Great ! Thanks Jacques; I expect to try your patch soon
Le Samedi 16 janvier 2016 2h36, "[email protected]"
<[email protected]> a écrit :
Oh this is brilliant. I will take a look at this and give it a try.
Let me take a moment and thank you all for this ambitious project you've
undertaken. Thanks a lot! :)
Regards,
Rohit
Sent from my iPhone
> On 16-Jan-2016, at 4:11 AM, Jacques Nadeau <[email protected]> wrote:
>
> I have a fix and we should merge it shortly into master. You can see the
> progress here:
>
> https://issues.apache.org/jira/browse/DRILL-4277
>
> Note that given the simplicity of the patch, if you are adventurous, you
> could most likely apply this patch on top of the 1.4 version of Drill if
> you didn't want to wait until the next official release.
>
> Thanks for your patience.
>
> Jacques
>
>
> --
> Jacques Nadeau
> CTO and Co-Founder, Dremio
>
>> On Thu, Jan 14, 2016 at 5:07 PM, Jacques Nadeau <[email protected]> wrote:
>>
>> Good catch.
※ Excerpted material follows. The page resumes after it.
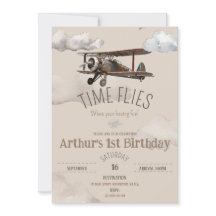 Zeitfliegen Flugzeug zum Geburtstag Einladung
Reproduced now. Looking into it.
>>
>> --
>> Jacques Nadeau
>> CTO and Co-Founder, Dremio
>>
>> On Thu, Jan 14, 2016 at 3:19 PM, Jason Altekruse <[email protected]
>>> wrote:
>>
>>> Jacques, not sure if you caught this, in the stacktrace it mentions
>>> broadcast sender. Did the plan for your test query include a broadcast
>>> join?
>>>
>>> * (com.fasterxml.jackson.databind.JsonMappingException) Already had POJO
>>> for id (java.lang.Integer)
>>> [com.fasterxml.jackson.annotation.ObjectIdGenerator$IdKey@3372bbe8]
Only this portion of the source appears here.